*PROBLEM REQUIREMENTS*.
Give back every record exactly.

*STORED DATA*.
== Segment start ==

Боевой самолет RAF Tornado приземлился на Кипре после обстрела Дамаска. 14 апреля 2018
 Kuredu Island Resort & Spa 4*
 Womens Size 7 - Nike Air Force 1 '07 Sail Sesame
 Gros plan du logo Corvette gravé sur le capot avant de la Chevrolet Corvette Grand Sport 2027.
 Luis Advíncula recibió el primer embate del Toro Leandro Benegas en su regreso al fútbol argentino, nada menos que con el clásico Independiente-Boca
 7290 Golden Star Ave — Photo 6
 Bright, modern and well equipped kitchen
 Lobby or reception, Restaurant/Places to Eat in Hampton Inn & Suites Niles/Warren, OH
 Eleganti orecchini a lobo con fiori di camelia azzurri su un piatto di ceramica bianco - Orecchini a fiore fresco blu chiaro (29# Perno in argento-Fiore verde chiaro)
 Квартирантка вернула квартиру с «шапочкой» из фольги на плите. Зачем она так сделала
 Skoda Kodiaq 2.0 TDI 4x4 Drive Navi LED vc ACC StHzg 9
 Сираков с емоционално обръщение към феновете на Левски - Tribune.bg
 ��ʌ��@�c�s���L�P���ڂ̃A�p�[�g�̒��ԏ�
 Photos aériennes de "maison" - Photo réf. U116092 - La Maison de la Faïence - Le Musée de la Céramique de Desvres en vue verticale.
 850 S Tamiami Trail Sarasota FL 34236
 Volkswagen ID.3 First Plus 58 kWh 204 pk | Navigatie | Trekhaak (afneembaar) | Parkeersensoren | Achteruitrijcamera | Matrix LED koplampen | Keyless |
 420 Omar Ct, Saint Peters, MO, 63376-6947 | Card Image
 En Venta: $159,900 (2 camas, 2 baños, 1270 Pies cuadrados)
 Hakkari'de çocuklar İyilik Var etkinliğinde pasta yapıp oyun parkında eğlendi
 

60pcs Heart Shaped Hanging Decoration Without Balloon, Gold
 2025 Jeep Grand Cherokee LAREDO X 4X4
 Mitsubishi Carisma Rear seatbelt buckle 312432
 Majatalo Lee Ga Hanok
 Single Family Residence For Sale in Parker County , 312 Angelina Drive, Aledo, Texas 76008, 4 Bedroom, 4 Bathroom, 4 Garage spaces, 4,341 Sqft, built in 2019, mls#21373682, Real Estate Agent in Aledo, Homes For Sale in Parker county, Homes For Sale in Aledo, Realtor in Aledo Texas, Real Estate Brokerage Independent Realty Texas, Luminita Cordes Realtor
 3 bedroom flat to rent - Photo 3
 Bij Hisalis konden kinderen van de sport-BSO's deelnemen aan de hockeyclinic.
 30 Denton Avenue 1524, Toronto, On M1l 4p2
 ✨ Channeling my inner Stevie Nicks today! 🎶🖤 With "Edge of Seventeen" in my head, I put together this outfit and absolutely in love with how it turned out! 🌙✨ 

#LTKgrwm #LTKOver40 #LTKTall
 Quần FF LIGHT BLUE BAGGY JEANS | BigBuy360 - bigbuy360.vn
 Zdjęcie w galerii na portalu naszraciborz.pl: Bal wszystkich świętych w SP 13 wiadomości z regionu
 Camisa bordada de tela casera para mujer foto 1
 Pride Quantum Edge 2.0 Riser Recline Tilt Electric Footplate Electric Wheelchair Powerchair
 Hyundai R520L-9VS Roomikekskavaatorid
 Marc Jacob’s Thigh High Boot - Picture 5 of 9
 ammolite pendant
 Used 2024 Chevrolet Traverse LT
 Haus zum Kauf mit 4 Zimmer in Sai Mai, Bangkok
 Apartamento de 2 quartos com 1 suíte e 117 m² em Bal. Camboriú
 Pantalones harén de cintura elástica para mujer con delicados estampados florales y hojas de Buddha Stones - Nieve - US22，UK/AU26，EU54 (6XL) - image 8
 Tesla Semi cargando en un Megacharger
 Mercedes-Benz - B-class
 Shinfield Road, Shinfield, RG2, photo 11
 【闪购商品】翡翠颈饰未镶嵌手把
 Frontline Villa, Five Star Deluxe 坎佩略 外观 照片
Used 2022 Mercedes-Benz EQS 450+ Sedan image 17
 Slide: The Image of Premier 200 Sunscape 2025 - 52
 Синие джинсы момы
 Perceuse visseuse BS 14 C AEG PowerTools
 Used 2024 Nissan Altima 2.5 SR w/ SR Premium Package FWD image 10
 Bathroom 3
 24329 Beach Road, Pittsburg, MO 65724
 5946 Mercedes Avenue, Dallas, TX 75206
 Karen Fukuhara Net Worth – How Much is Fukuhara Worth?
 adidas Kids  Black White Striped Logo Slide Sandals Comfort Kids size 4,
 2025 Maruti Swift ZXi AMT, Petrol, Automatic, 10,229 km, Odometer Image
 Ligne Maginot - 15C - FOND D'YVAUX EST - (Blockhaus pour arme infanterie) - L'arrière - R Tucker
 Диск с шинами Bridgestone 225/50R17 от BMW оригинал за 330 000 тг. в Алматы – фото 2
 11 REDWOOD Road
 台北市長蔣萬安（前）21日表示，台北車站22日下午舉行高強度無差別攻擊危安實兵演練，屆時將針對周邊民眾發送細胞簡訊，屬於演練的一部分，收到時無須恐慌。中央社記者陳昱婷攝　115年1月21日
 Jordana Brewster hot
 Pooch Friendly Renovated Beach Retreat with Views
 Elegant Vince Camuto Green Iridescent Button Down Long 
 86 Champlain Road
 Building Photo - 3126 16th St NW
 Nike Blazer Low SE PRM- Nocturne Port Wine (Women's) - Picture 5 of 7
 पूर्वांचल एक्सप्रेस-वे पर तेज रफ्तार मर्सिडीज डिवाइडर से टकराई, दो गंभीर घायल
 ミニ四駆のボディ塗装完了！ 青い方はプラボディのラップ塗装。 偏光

== Segment end ==

*TASK ANSWER*.
Боевой самолет RAF Tornado приземлился на Кипре после обстрела Дамаска. 14 апреля 2018
 Kuredu Island Resort & Spa 4*
 Womens Size 7 - Nike Air Force 1 '07 Sail Sesame
 Gros plan du logo Corvette gravé sur le capot avant de la Chevrolet Corvette Grand Sport 2027.
 Luis Advíncula recibió el primer embate del Toro Leandro Benegas en su regreso al fútbol argentino, nada menos que con el clásico Independiente-Boca
 7290 Golden Star Ave — Photo 6
 Bright, modern and well equipped kitchen
 Lobby or reception, Restaurant/Places to Eat in Hampton Inn & Suites Niles/Warren, OH
 Eleganti orecchini a lobo con fiori di camelia azzurri su un piatto di ceramica bianco - Orecchini a fiore fresco blu chiaro (29# Perno in argento-Fiore verde chiaro)
 Квартирантка вернула квартиру с «шапочкой» из фольги на плите. Зачем она так сделала
 Skoda Kodiaq 2.0 TDI 4x4 Drive Navi LED vc ACC StHzg 9
 Сираков с емоционално обръщение към феновете на Левски - Tribune.bg
 ��ʌ��@�c�s���L�P���ڂ̃A�p�[�g�̒��ԏ�
 Photos aériennes de "maison" - Photo réf. U116092 - La Maison de la Faïence - Le Musée de la Céramique de Desvres en vue verticale.
 850 S Tamiami Trail Sarasota FL 34236
 Volkswagen ID.3 First Plus 58 kWh 204 pk | Navigatie | Trekhaak (afneembaar) | Parkeersensoren | Achteruitrijcamera | Matrix LED koplampen | Keyless |
 420 Omar Ct, Saint Peters, MO, 63376-6947 | Card Image
 En Venta: $159,900 (2 camas, 2 baños, 1270 Pies cuadrados)
 Hakkari'de çocuklar İyilik Var etkinliğinde pasta yapıp oyun parkında eğlendi
 

60pcs Heart Shaped Hanging Decoration Without Balloon, Gold
 2025 Jeep Grand Cherokee LAREDO X 4X4
 Mitsubishi Carisma Rear seatbelt buckle 312432
 Majatalo Lee Ga Hanok
 Single Family Residence For Sale in Parker County , 312 Angelina Drive, Aledo, Texas 76008, 4 Bedroom, 4 Bathroom, 4 Garage spaces, 4,341 Sqft, built in 2019, mls#21373682, Real Estate Agent in Aledo, Homes For Sale in Parker county, Homes For Sale in Aledo, Realtor in Aledo Texas, Real Estate Brokerage Independent Realty Texas, Luminita Cordes Realtor
 3 bedroom flat to rent - Photo 3
 Bij Hisalis konden kinderen van de sport-BSO's deelnemen aan de hockeyclinic.
 30 Denton Avenue 1524, Toronto, On M1l 4p2
 ✨ Channeling my inner Stevie Nicks today! 🎶🖤 With "Edge of Seventeen" in my head, I put together this outfit and absolutely in love with how it turned out! 🌙✨ 

#LTKgrwm #LTKOver40 #LTKTall
 Quần FF LIGHT BLUE BAGGY JEANS | BigBuy360 - bigbuy360.vn
 Zdjęcie w galerii na portalu naszraciborz.pl: Bal wszystkich świętych w SP 13 wiadomości z regionu
 Camisa bordada de tela casera para mujer foto 1
 Pride Quantum Edge 2.0 Riser Recline Tilt Electric Footplate Electric Wheelchair Powerchair
 Hyundai R520L-9VS Roomikekskavaatorid
 Marc Jacob’s Thigh High Boot - Picture 5 of 9
 ammolite pendant
 Used 2024 Chevrolet Traverse LT
 Haus zum Kauf mit 4 Zimmer in Sai Mai, Bangkok
 Apartamento de 2 quartos com 1 suíte e 117 m² em Bal. Camboriú
 Pantalones harén de cintura elástica para mujer con delicados estampados florales y hojas de Buddha Stones - Nieve - US22，UK/AU26，EU54 (6XL) - image 8
 Tesla Semi cargando en un Megacharger
 Mercedes-Benz - B-class
 Shinfield Road, Shinfield, RG2, photo 11
 【闪购商品】翡翠颈饰未镶嵌手把
 Frontline Villa, Five Star Deluxe 坎佩略 外观 照片
Used 2022 Mercedes-Benz EQS 450+ Sedan image 17
 Slide: The Image of Premier 200 Sunscape 2025 - 52
 Синие джинсы момы
 Perceuse visseuse BS 14 C AEG PowerTools
 Used 2024 Nissan Altima 2.5 SR w/ SR Premium Package FWD image 10
 Bathroom 3
 24329 Beach Road, Pittsburg, MO 65724
 5946 Mercedes Avenue, Dallas, TX 75206
 Karen Fukuhara Net Worth – How Much is Fukuhara Worth?
 adidas Kids  Black White Striped Logo Slide Sandals Comfort Kids size 4,
 2025 Maruti Swift ZXi AMT, Petrol, Automatic, 10,229 km, Odometer Image
 Ligne Maginot - 15C - FOND D'YVAUX EST - (Blockhaus pour arme infanterie) - L'arrière - R Tucker
 Диск с шинами Bridgestone 225/50R17 от BMW оригинал за 330 000 тг. в Алматы – фото 2
 11 REDWOOD Road
 台北市長蔣萬安（前）21日表示，台北車站22日下午舉行高強度無差別攻擊危安實兵演練，屆時將針對周邊民眾發送細胞簡訊，屬於演練的一部分，收到時無須恐慌。中央社記者陳昱婷攝　115年1月21日
 Jordana Brewster hot
 Pooch Friendly Renovated Beach Retreat with Views
 Elegant Vince Camuto Green Iridescent Button Down Long 
 86 Champlain Road
 Building Photo - 3126 16th St NW
 Nike Blazer Low SE PRM- Nocturne Port Wine (Women's) - Picture 5 of 7
 पूर्वांचल एक्सप्रेस-वे पर तेज रफ्तार मर्सिडीज डिवाइडर से टकराई, दो गंभीर घायल
 ミニ四駆のボディ塗装完了！ 青い方はプラボディのラップ塗装。 偏光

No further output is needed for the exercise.